Instruction for the entries that follow: retype exactly the lines from the line with "Professional Certification in" to the line with "2025 GMC Sierra", both included, and omit all others.

*** Record extracts

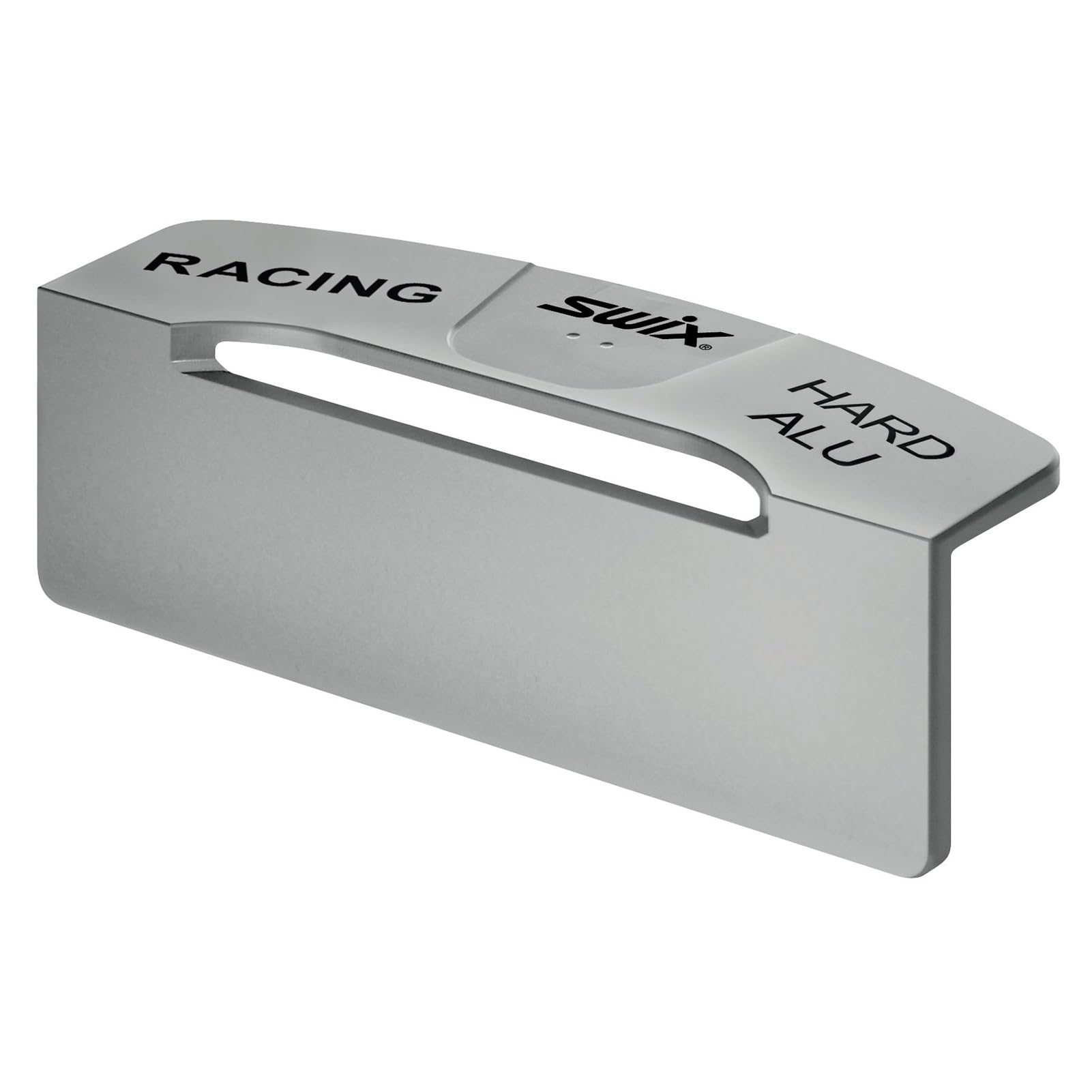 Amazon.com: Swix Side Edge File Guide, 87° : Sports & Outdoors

******
*** Record extracts

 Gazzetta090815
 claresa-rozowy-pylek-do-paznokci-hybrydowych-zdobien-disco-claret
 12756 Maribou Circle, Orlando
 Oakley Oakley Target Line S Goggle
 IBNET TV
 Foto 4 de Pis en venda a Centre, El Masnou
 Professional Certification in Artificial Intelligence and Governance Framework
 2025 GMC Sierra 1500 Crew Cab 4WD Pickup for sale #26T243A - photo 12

******
*** Record extracts

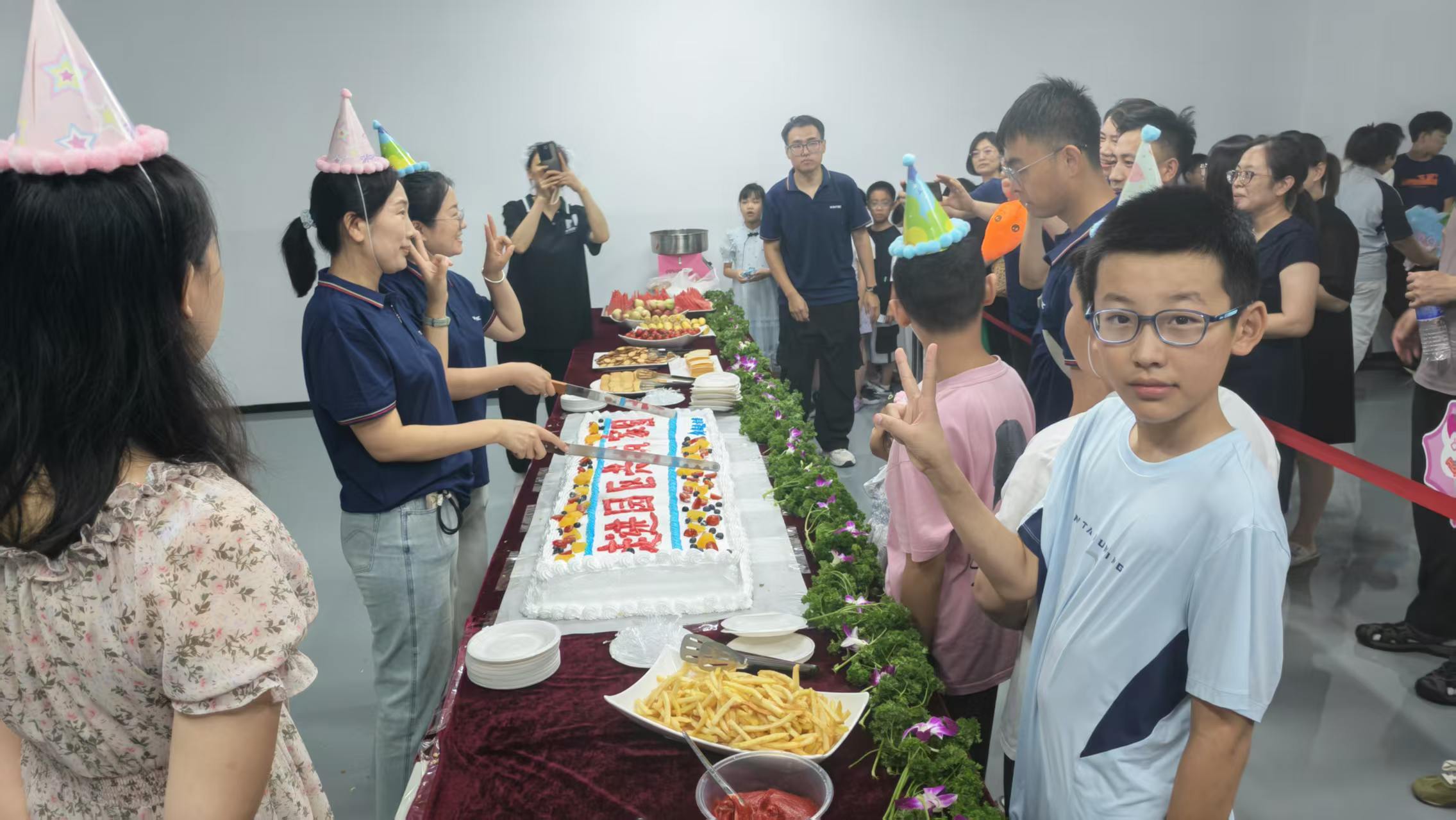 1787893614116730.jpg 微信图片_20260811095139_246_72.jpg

******

__Result of the task__.
 Professional Certification in Artificial Intelligence and Governance Framework
 2025 GMC Sierra 1500 Crew Cab 4WD Pickup for sale #26T243A - photo 12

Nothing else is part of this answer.